05 February 2014

Giving up on books

     
Thirty-six days into 2014 and I have only finished three books. I can't remember the last time I was doing this poorly with my reading plans at this time of the year. Normally January and February are very productive months. I do feel like I have a bit of an excuse. Getting ready for our house renovation has been a fairly time consuming series of tasks. (For those interested in such thing, you can keep up with house progress on Lucy's Forever Home.) But still, three books? It isn't like I don't have anything to choose from.

Low lighting conditions and a shaky arm make for a bad photo. This is the giant stack
of books I have for my TBR for the next year. With no book shelves they will remain stacked on
top of boxes of other books while we live in our temporary apartment.

Even packing most of my library into boxes and having taken up the TBR Triple Dog Dare is no excuse. I kept out at least 300 books out of storage and that is certainly enough to choose from for the next year or so. Part of my problem are the books that I am reading.

Books I just don't want to finish
Normally if I get past page 50 and still want to read something I see it to the end. But lately, eh. I have three books that I feel are just weighing me down and for no good reason.

Solar by Ian McEwan
I am hot and cold on McEwan. For a good hundred pages of this book I was hot. Then in the closing pages of Part One I just didn't like the turn it took and almost instantly lost interest in continuing. So great was my change of heart that I didn't even feel bad tossing it aside.

Don't Tell Alfred by Nancy Mitford
I am starting to think that I don't like Nancy Mitford as much as I thought I did. I thought The Pursuit of Love was pretty delightful. The follow up Love in a Cold Climate was just okay for me. Don't Tell Alfred started out really strong but then it started to dawn on me that the narrative was turning into a succession of madcap situations about which Fanny couldn't dare tell her husband Alfred. After 134 of 223 pages I decided that this one was taking me way too long to read and what was far worse is that I just didn't give a crap.
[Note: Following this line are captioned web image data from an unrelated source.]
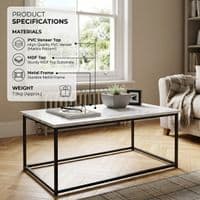 Zurich Marble Finish Coffee Table with Black Metal Frame Living Room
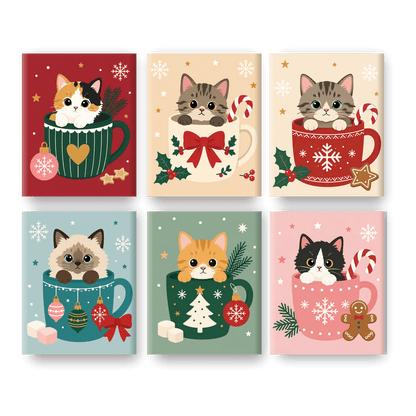 6 Mini Paintings | Katten in Kerst Kopjes Set - Schilder Op Nummers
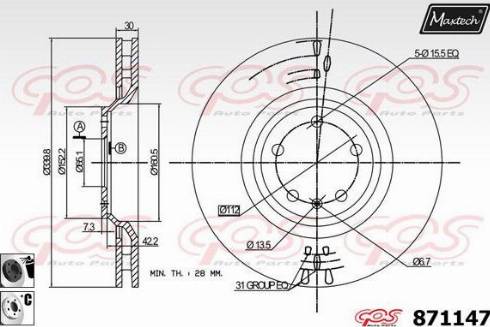 Maxtech 871147.6060 - Disque de frein cwaw.fr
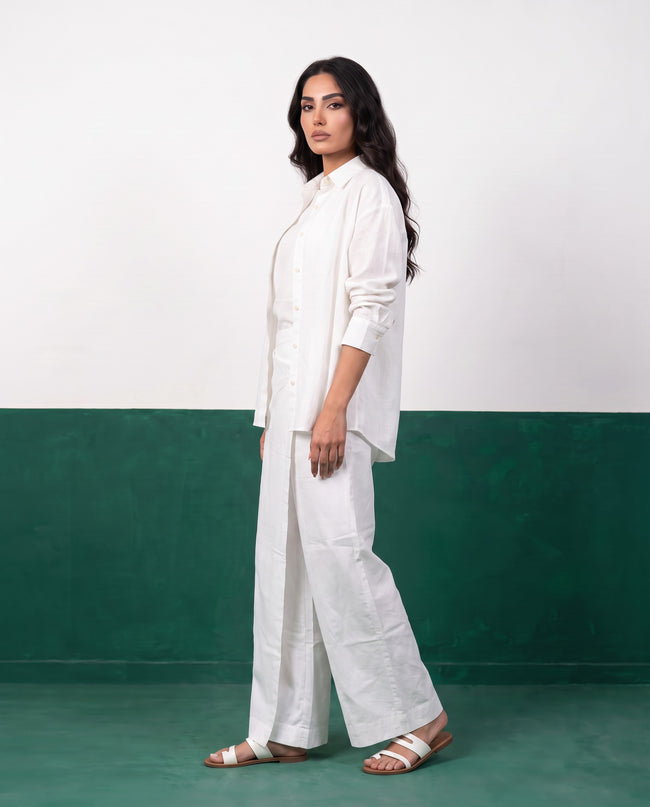 White Canvas Three-Piece Oversized Shirt, Inner Top & Wrap Wide-Leg Trouser Set, front styled open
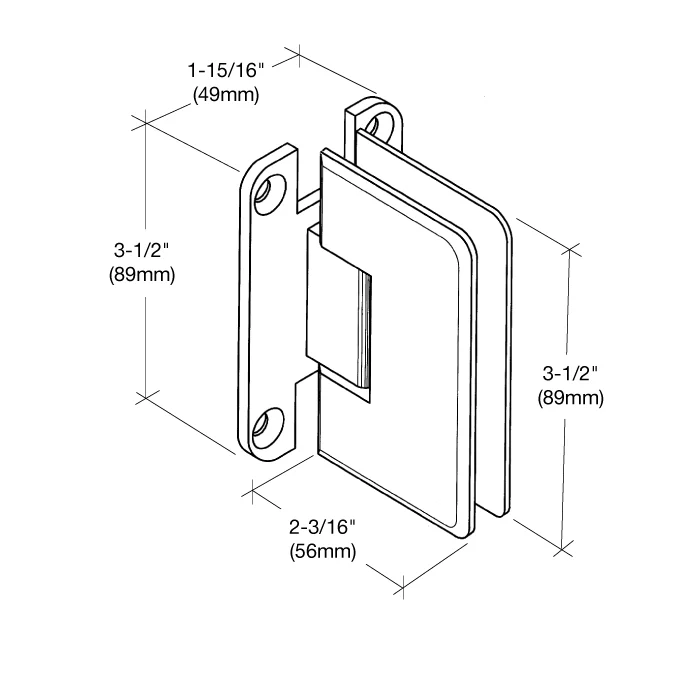 Shower Door Hinge: Pinnacle 537 5° Pre-Set Wall Mount, H Back Plate, Polished Nickel – CRL P1N537PN, photo 4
The Final Solution by Michael Chabon
I read Michael Chabon's first novel The Mysteries of Pittsburgh when it was first published (when I was in high school). I think the only reason I persevered then was the promise of a gay character at a time when they were few and far between in the literary world. Since then I have never been able to get into any of his other books. This 131-page novella seemed like it was a chance to break that streak. Wrong. Forty pages in not only don't I care about the plot, I just don't find his prose enjoyable to read. His is the kind of writing that isn't difficult but I still find myself constantly rereading paragraphs because nothing sinks in.

Books I am reading slowly but enjoying

Middlemarch by George Eliot
I have always meant to read this novel and I have a  lovely copy of it but what finally got me to pick it up was seeing Amanda's progress in reading it. Her Goodreads progress kept getting posted to Facebook and that made me think it was time. I am enjoying it, but I haven't picked it up in a few weeks.

Out of Africa by Isak Dinesen (Karen Blixon)
I've wanted to read this one since we visited Kenya in 2008. Quite enjoying it. But given my somewhat distracted state of reading these days: is the narrator a male or female?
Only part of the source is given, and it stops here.